## EXERCISE BRIEF
From start to finish, set down the entries below exactly, leaving out the pictures.

## SUPPLIED MATERIAL
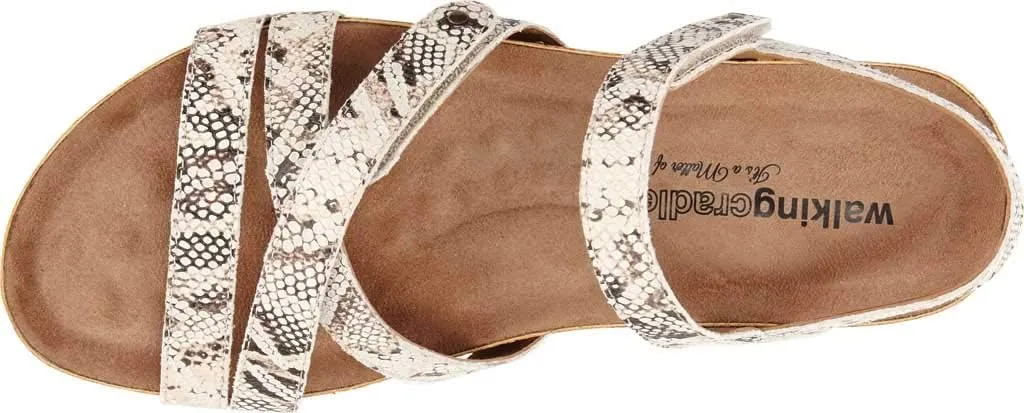 Walking Cradles Women's Pool Flat Sandal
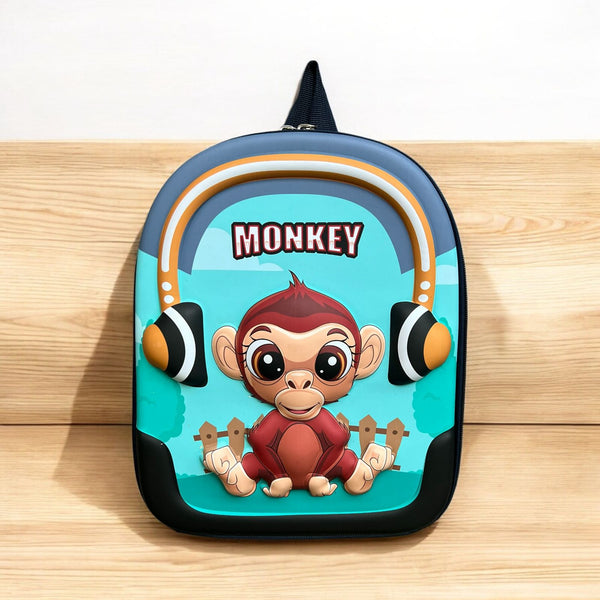 Cute Monkey 3D Bag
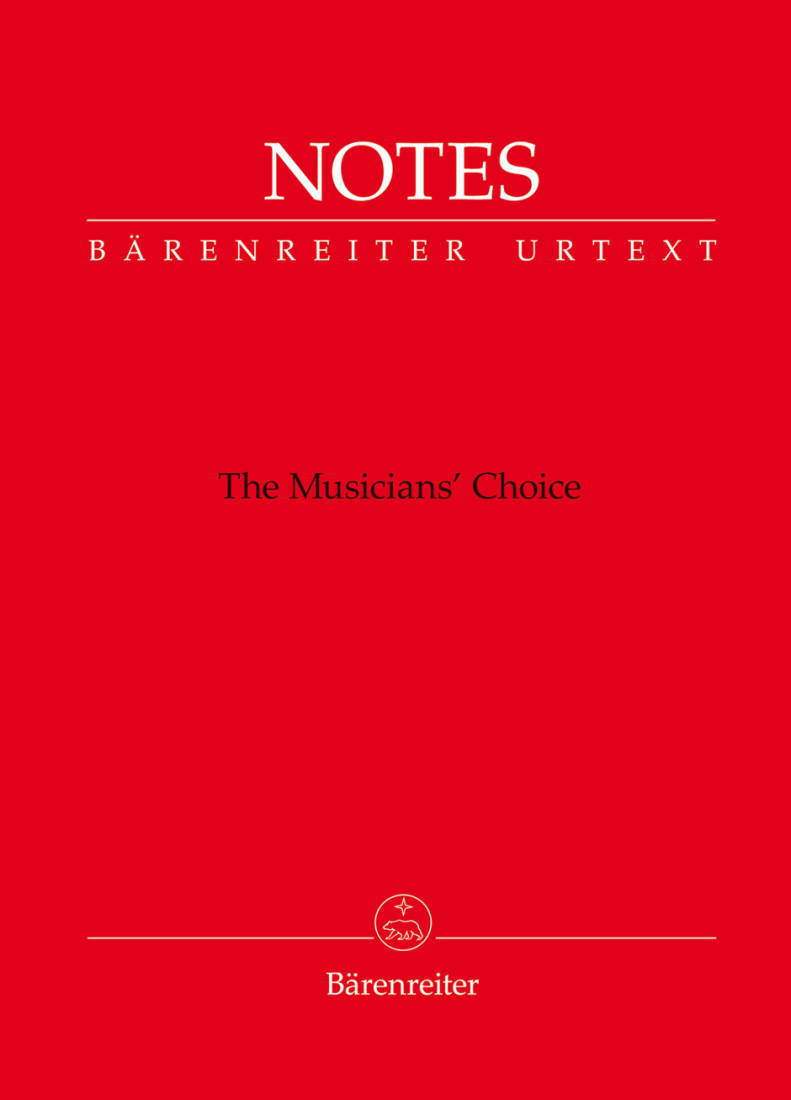 Notes: The Musician\'s Choice - Mini Notebook - Mozart Red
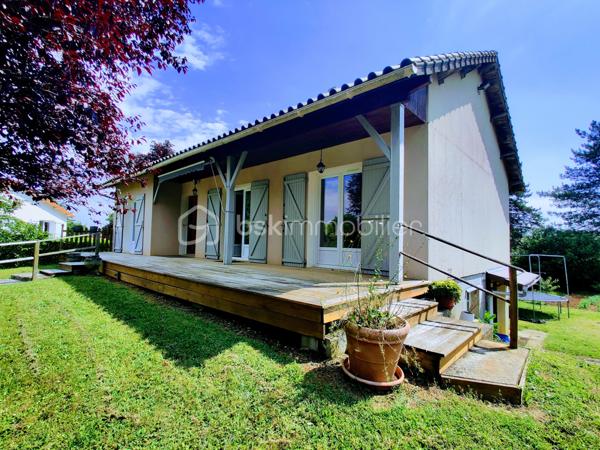 Pavillon de 87 m²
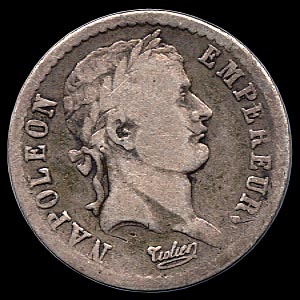 Obverse - France - Demi Franc - 1808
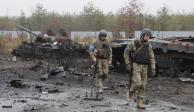 El Ejército de Ucrania ha anunciado que sus efectivos han asumido el control total de la frontera con Bielorrusia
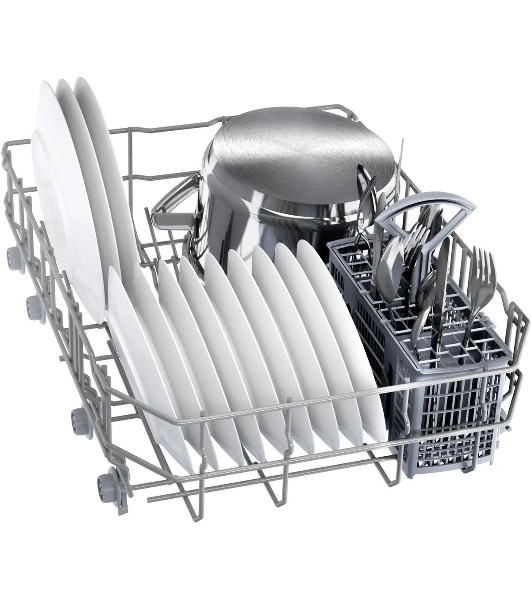 Встраиваемая посудомоечная машина Bosch SPV2IKX10E, черный, 44.8 см, 9 компл., 48 дБ, класс A+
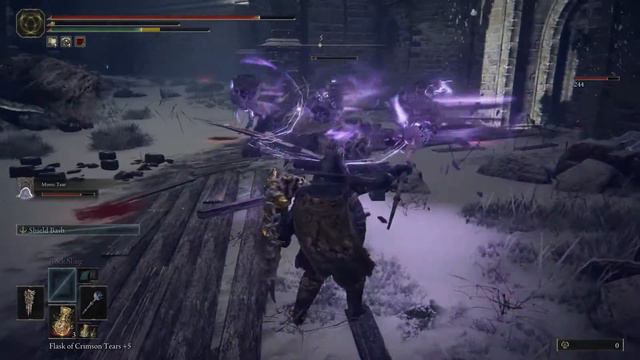 Elden Ring - Somber Smithing Stone [7] , Beast Blood And Old Fang Location смотреть онлайн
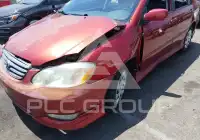 2004 Toyota COROLLA фото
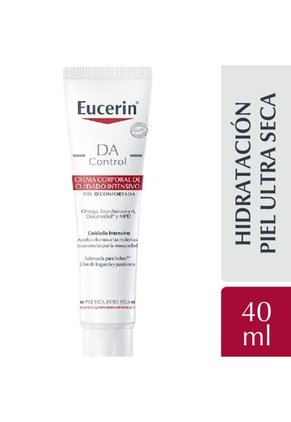 Eucerin Crema Corporal De Cuidado Intensivo DA Control X 40 Ml
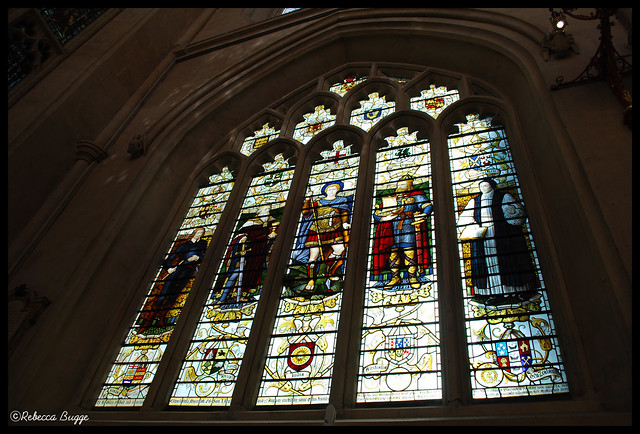 The St George window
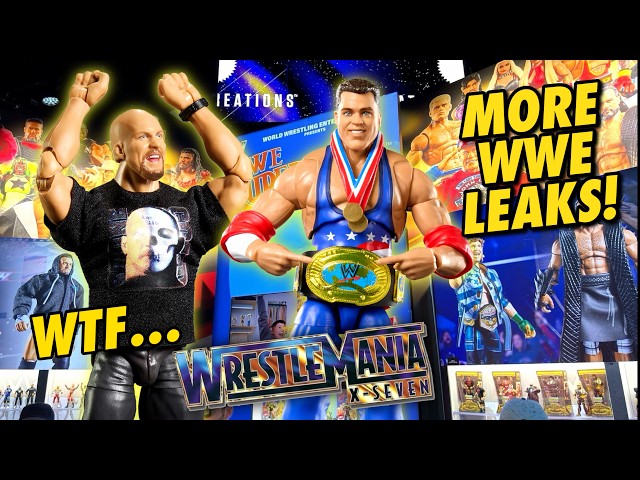 These NEW WWE Figure Leaks Are OUT OF CONTROL… - YouTube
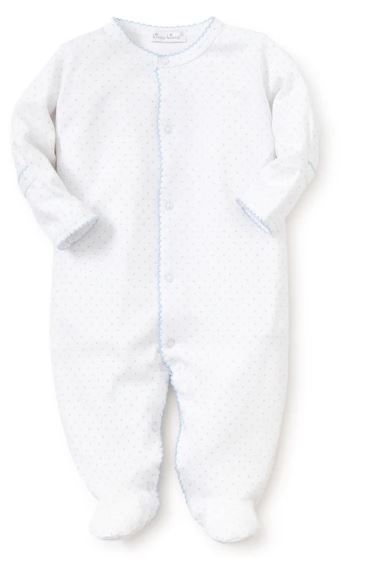 Blue Dots Footie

## SOLUTION BELOW
 Walking Cradles Women's Pool Flat Sandal
 Cute Monkey 3D Bag
 Notes: The Musician\'s Choice - Mini Notebook - Mozart Red
 Pavillon de 87 m²
 Obverse - France - Demi Franc - 1808
 El Ejército de Ucrania ha anunciado que sus efectivos han asumido el control total de la frontera con Bielorrusia
 Встраиваемая посудомоечная машина Bosch SPV2IKX10E, черный, 44.8 см, 9 компл., 48 дБ, класс A+
 Elden Ring - Somber Smithing Stone [7] , Beast Blood And Old Fang Location смотреть онлайн
 2004 Toyota COROLLA фото
 Eucerin Crema Corporal De Cuidado Intensivo DA Control X 40 Ml
 The St George window
 These NEW WWE Figure Leaks Are OUT OF CONTROL… - YouTube
 Blue Dots Footie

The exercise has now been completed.